Was ist mit der Bahn wirklich los? Warum überraschen Hitze, Kälte, Eis und Schnee und der Zustand der Bistrowagen Züge wie Personal jedesmal von Neuem? Wieso kann für eine dreiköpfige Familie eine harmlose Fahrt mit Gepäck und Umsteigen nach wie vor der Horror sein? Und helfen Kälteschutzkleidung, Brackwasserfilter und Notvorräte, das Schlimmste zu verhindern? Schluss mit lustig: Nicht nur Stuttgart 21, sondern die ganze Deutsche Bahn muss in den Stresstest.
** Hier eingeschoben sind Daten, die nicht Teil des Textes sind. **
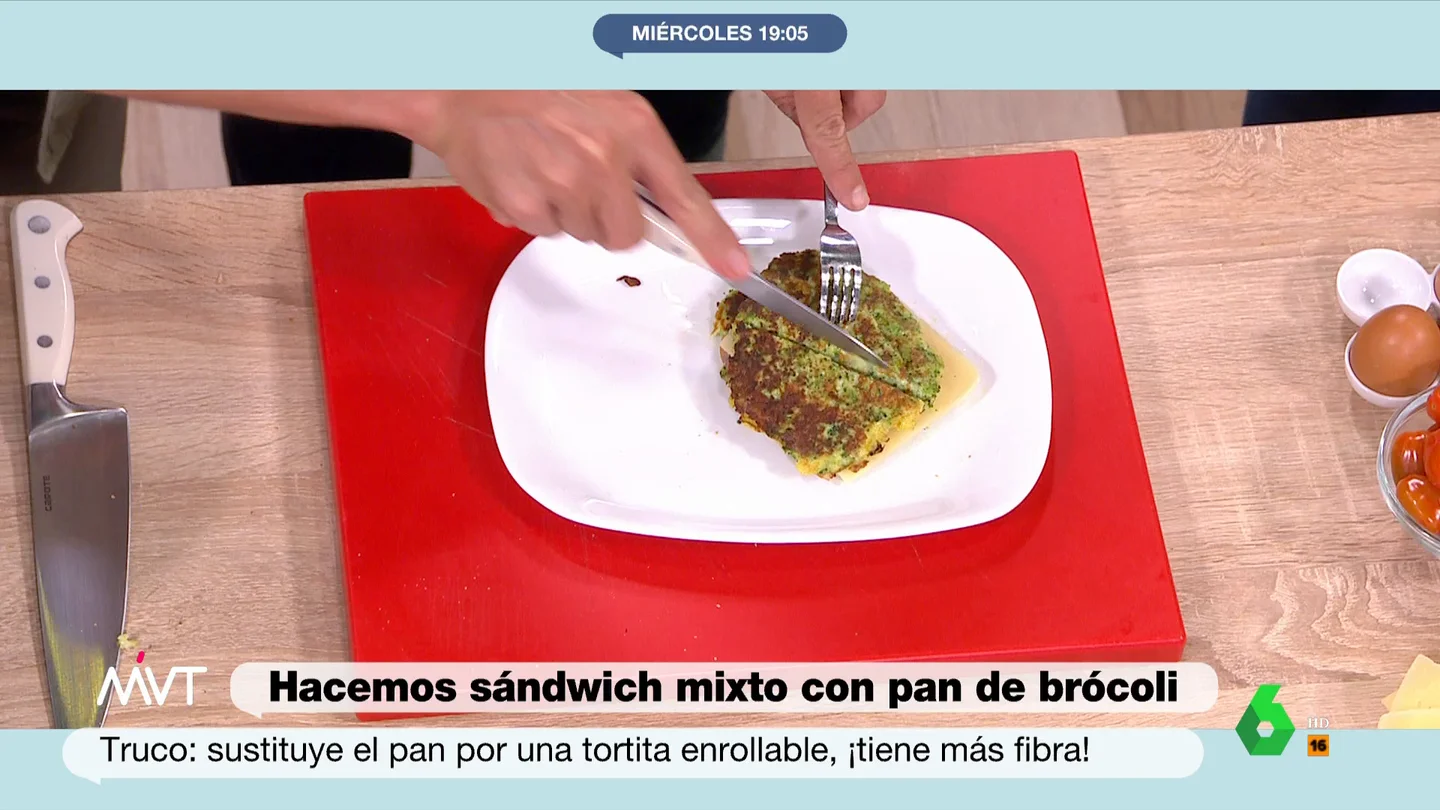 MVT OjedaPanBrocoli MVT OjedaPanBrocoli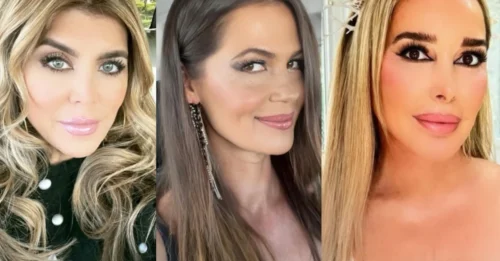 Ana Quincoces Exposes Julia Lemigova Throwing a Chair at Marysol in Unaired RHOM Scene – Jennifer Fessler Reveals More Cut Drama!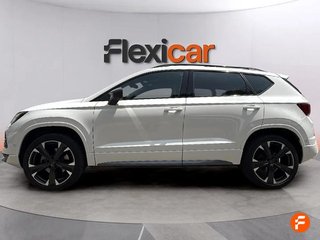 Cupra Ateca 2.0 TSI 140kW (190CV) 4Drive DSG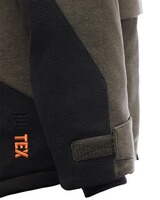 Winter jacket Cirrus olive-mel,P, Parforce Active
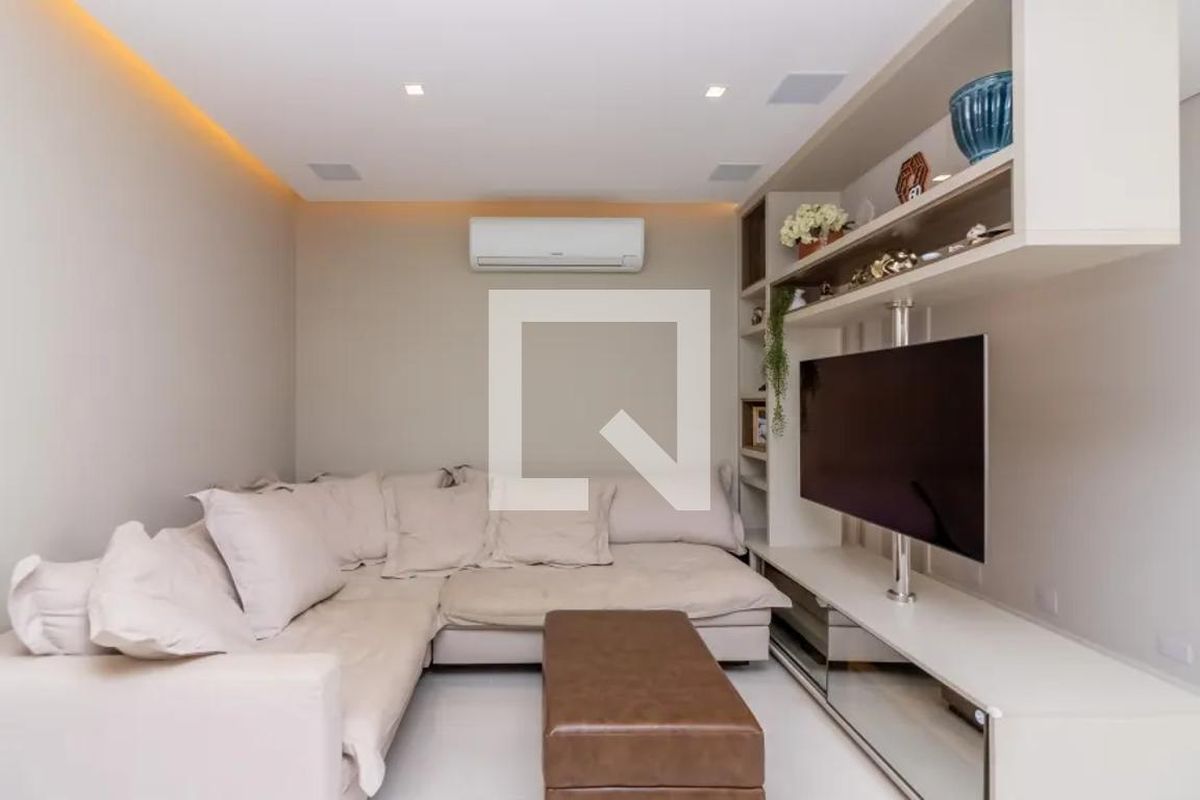 Apartamento, 3 quartos, 110 m² - Foto 1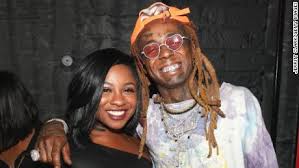 We give you the latest news, music, pictures, videos, and. Reginae Carter Celebs Mingle Without Masks At Birthday Party For Lil Wayne S Daughter Cnn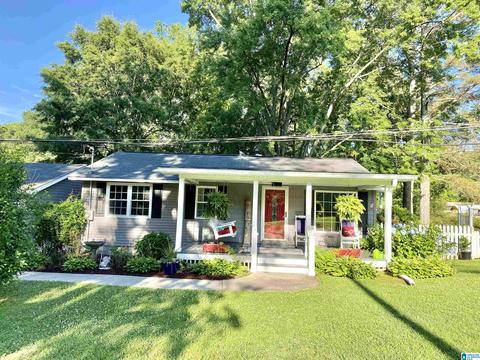 151 4th St W, Fruithurst, AL 36262 photo 1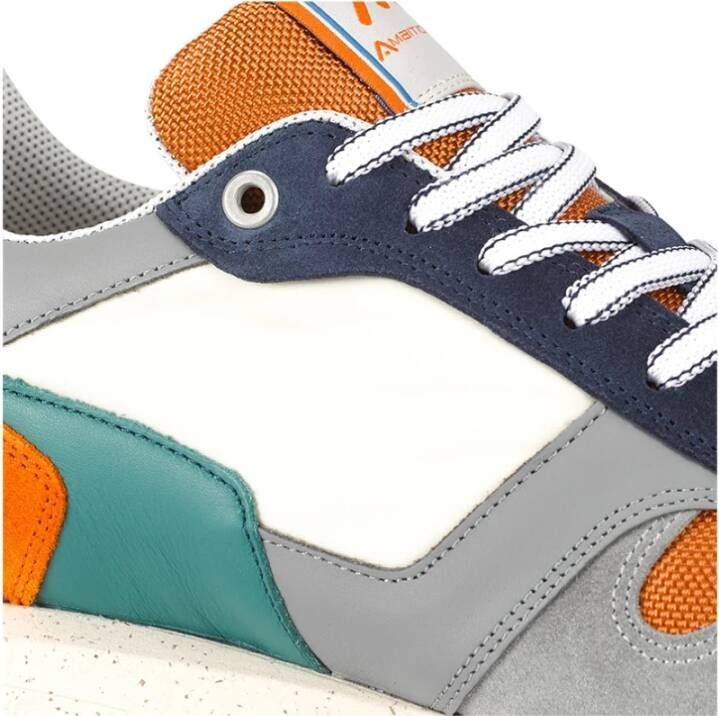 Ambitious Stijlvolle Herensneakers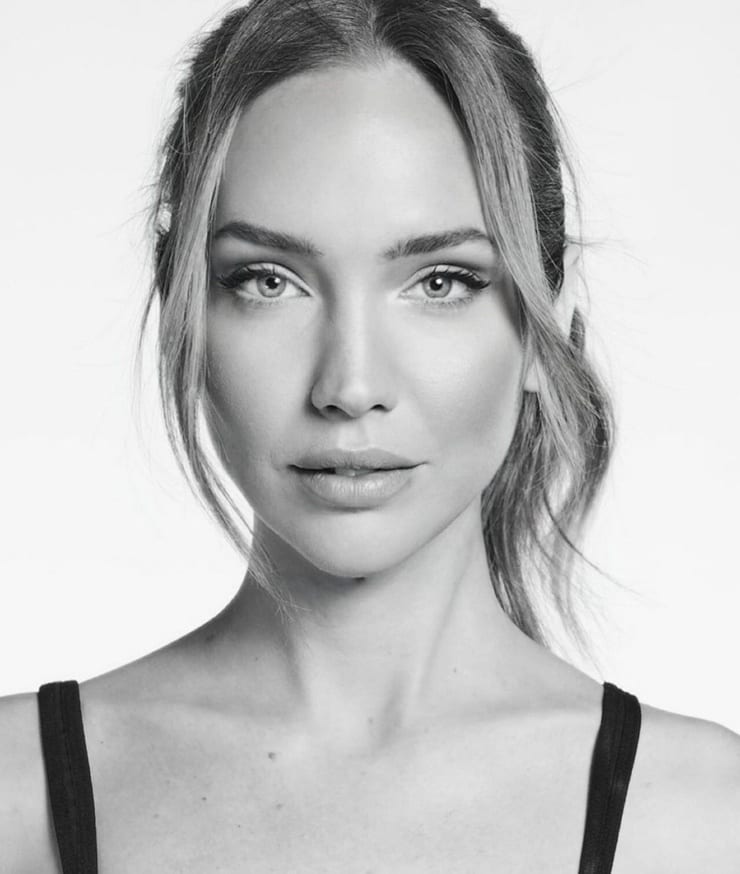 Karina Budek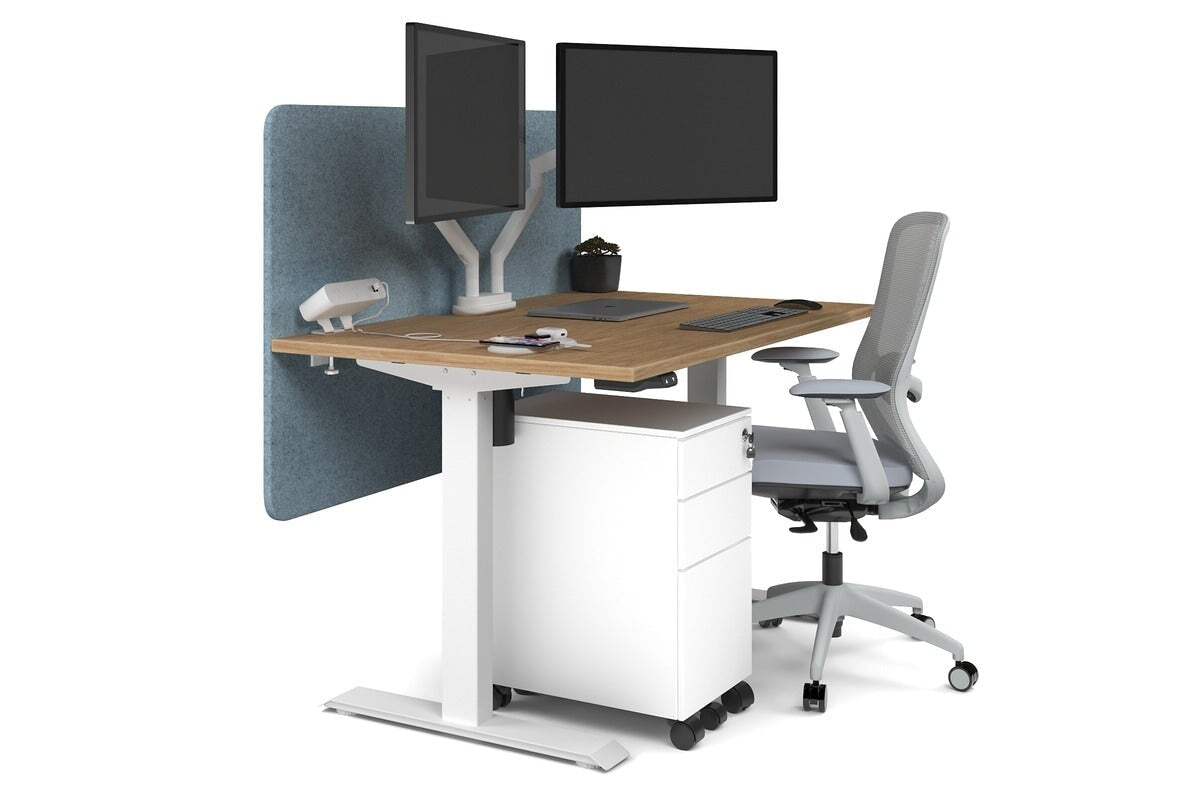 Height Adjustable Desk 48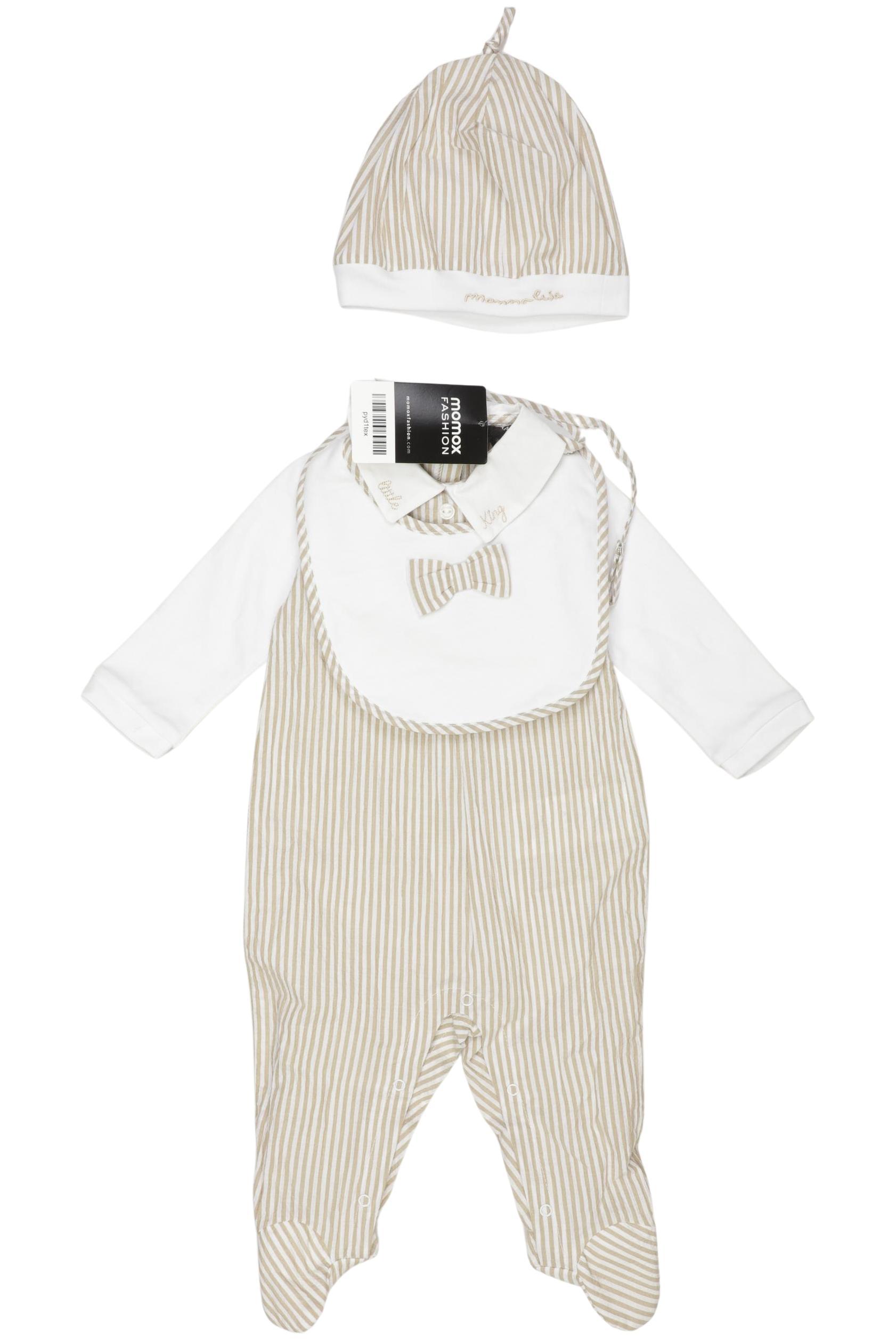 

Monnalisa Jungen Strampler, mehrfarbig, Gr. 62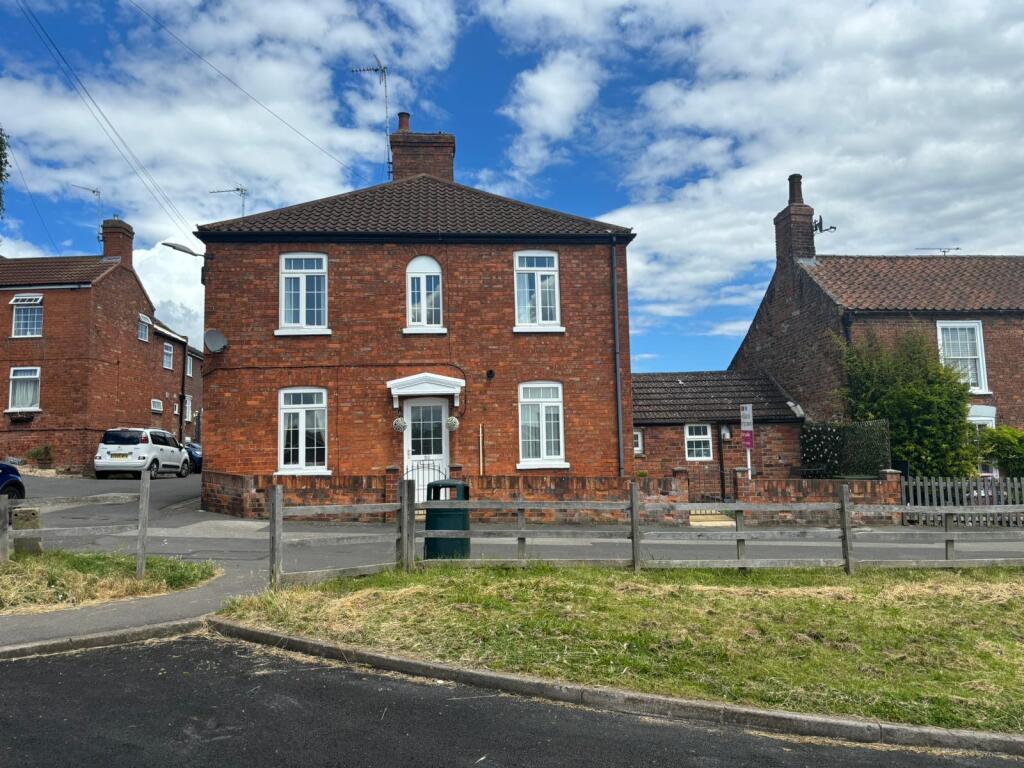 Main image of property: The Causeway, Burgh Le Marsh, Skegness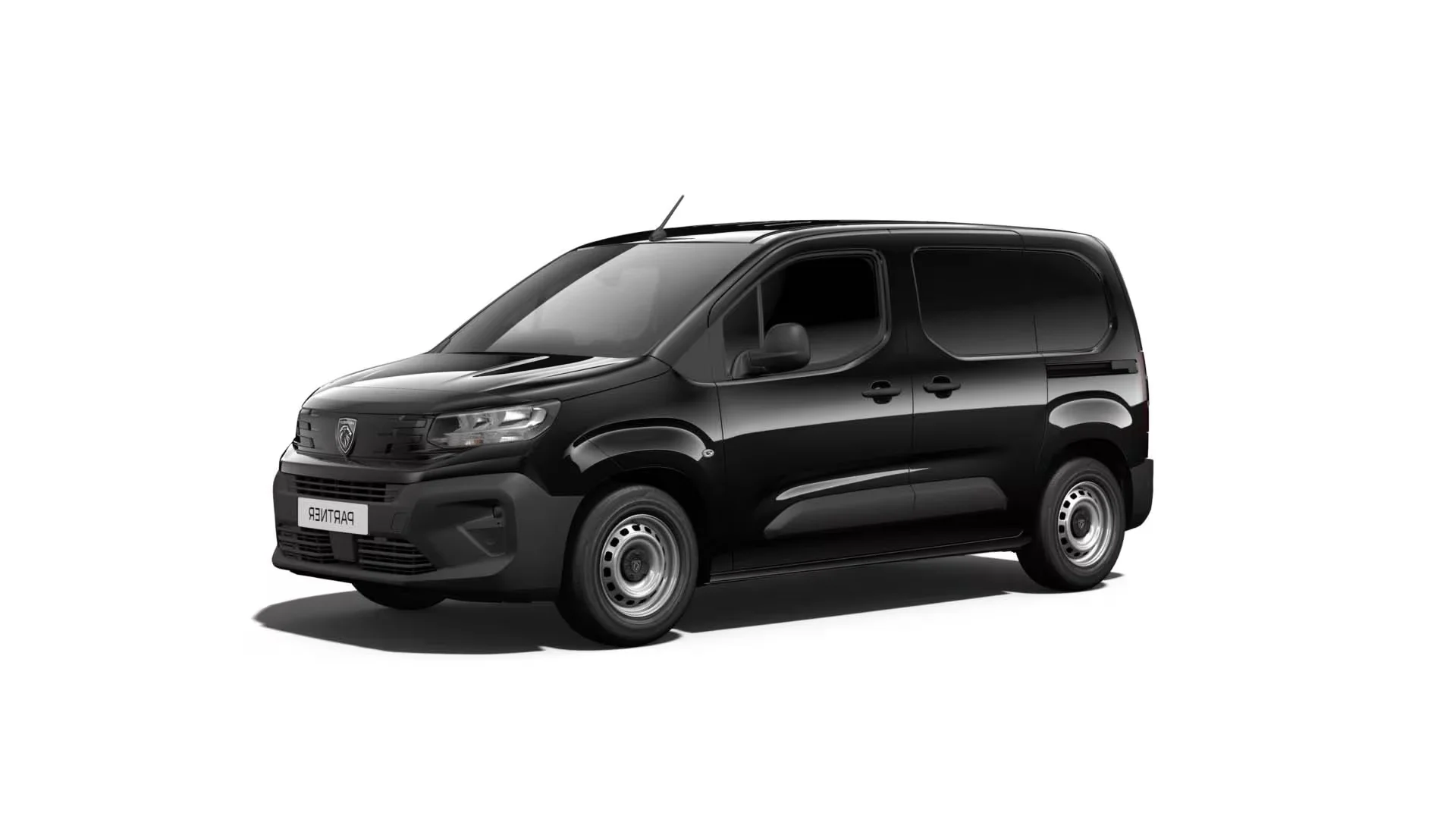 Peugeot e-Partner neuve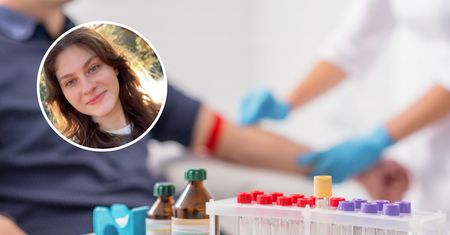 Proste badanie krwi. Pomoże przewidzieć ryzyko śmierci w ciągu 5 najbliższych lat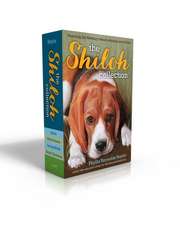 Shiloh Boxed Set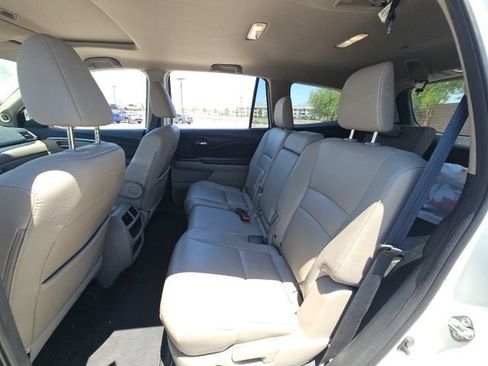 Used 2017 Honda Pilot EX-L image 8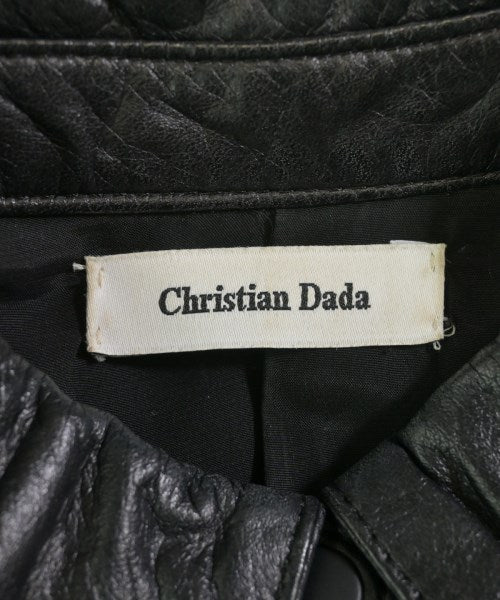 CHRISTIAN DADA 洋裝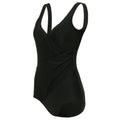 Plus Size Womens Ladies Tummy Control Monokini Bikini Swimming Costume Swimsuit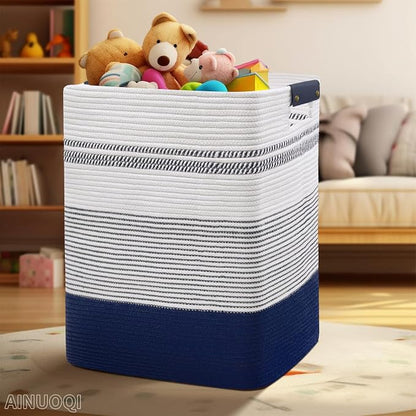 Large Laundry Basket - Image 3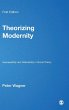 Theorizing Modernity - Bild 1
Die beiden ausgewiesenen Experten und Bestsellerautoren Lutz Schumacher und Mark Spörrle stellen Deutschlands meistgeliebtgehasstes Transportunternehmen erneut auf den Prüfstand. Präsentieren unglaubliche, aber wahre Erlebnisse von Bahnfahrern. Und sie erklären uns auf ebenso fachkundige wie satirisch-witzige Weise, weshalb wir als Reisende doch immer wieder selber schuld sind an unserem Unglück!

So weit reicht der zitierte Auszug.